Pourtant, parce qu’il faut bien avoir quelque chose à proposer quand on est ministre ou élu (et qu’on souhaite le rester), les gouvernants tentent de développer la voiture électrique inlassablement… et vainement. Ainsi, malgré les puissantes campagnes de publicité sur tous les supports et les bonus abusivement prétendus « écolos », les ventes de voitures électriques restent scotchées depuis des années aux alentours de 1,2 %, une misère !
Cerise sur la gâteau, à l’heure où nous écrivons, un des plus fervents promoteurs de la voiture électrique, le PDG de Renault-Nissan Carlos Ghosn, est mis en arrestation au Japon : bien que doté d’un des plus gros salaires parmi les dirigeants industriels mondiaux, le bonhomme aurait omis de déclarer au fisc une part importante de ses revenus. Et il aurait utilisé à des fins personnelles les biens de l’entreprise : un voilà un qui n’était pas très décroissant… mais qui risque bien de le devenir en cellule !
Autre charmante nouvelle sur le front des déplacements prétendus « verts », les voitures électriques Autolib mises en place depuis plusieurs années à Paris et en Ile-de-France ont été débranchées. Non pas par des militants ayant suivi le bon exemple de votre serviteur – il s’agissait de débrancher les Autolib, ce qui était très facile car elles étaient en charge sur la voie publique – mais carrément par les collectivités territoriales : le programme était ruineux !
On voit donc que la voiture électrique a largement du plomb dans l’aile, ce qui n’empêche pas la fameuse PPE * de tenter encore et toujours de la faire décoller. « En même temps, nous pensons que oui, la voiture, la voiture a un avenir en France. Nous voulons produire des voitures qui consomment moins, qui polluent moins, en innovant, en créant de l’emploi industriel« , implorait ainsi Emmanuel Macron le 27 novembre 2018 lors de son discours « relatif à la stratégie et à la méthode pour la transition écologique« .
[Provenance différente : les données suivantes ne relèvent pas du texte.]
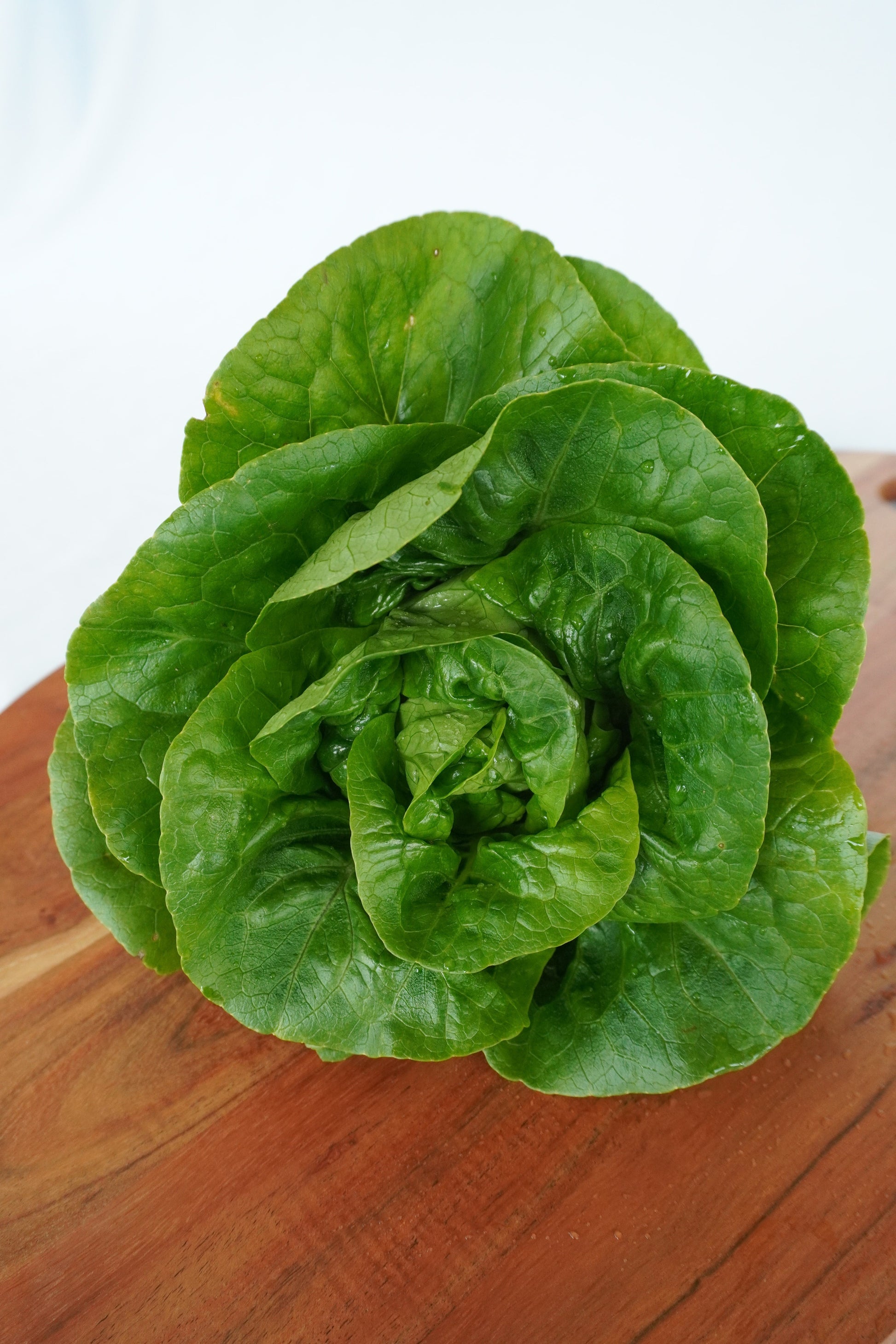 Natura Organic Lettuce Seeds – Compact Little Gem Variety for Year-Round Fresh Harvest 3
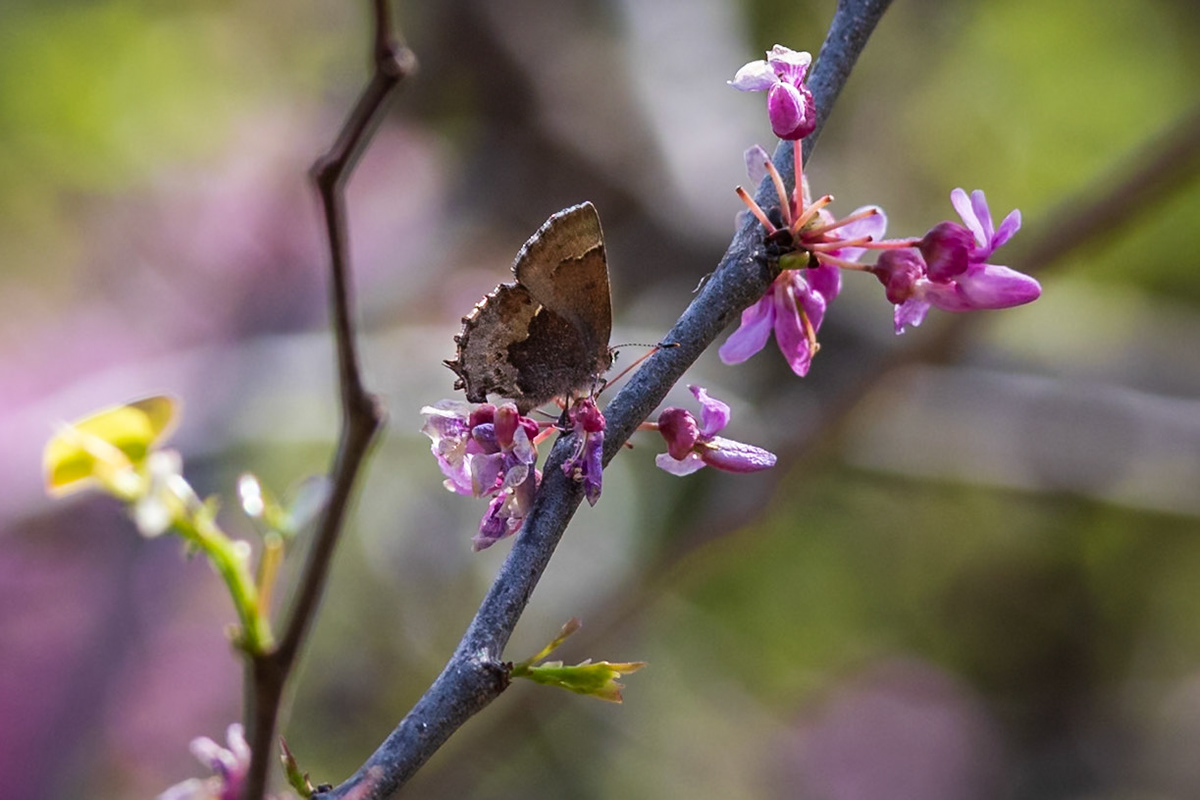 Henry’s Elfin | Callophrys henrici | 20250413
Mais voilà qu’un autre carambolage se produit dans l’actualité : le fronde des « gilets jaunes » contre l’augmentation massive des taxes qui démultiplient le prix de l’essence et du diesel. Ce mouvement est avant tout une révolte sociale des petits contre les riches, représentés par la personne de Macron : en cela, c’est tout de même un mouvement intéressant. Sauf qu’on y retrouve plus son latin : les taxes sur l’essence relèvent-elles de la « fiscalité écologique » comme le prétend le gouvernement ? Ou plutôt une façon de prendre dans les poches des pauvres les derniers euros qui leur reste !
Bien entendu, il reste la possibilité de se déplacer à vélo, ou à pied, ou même rester chez soi. Voilà qui simplifierait la PPE : plus de consommation, plus de voitures (électriques ou thermiques), plus de centrales nucléaires et de stations-service pour les alimenter. Un vrai rêve !
* La « programmation pluriannuelle de l’énergie » (PPE) est, en France, un document stratégique de pilotage de la transition énergétique.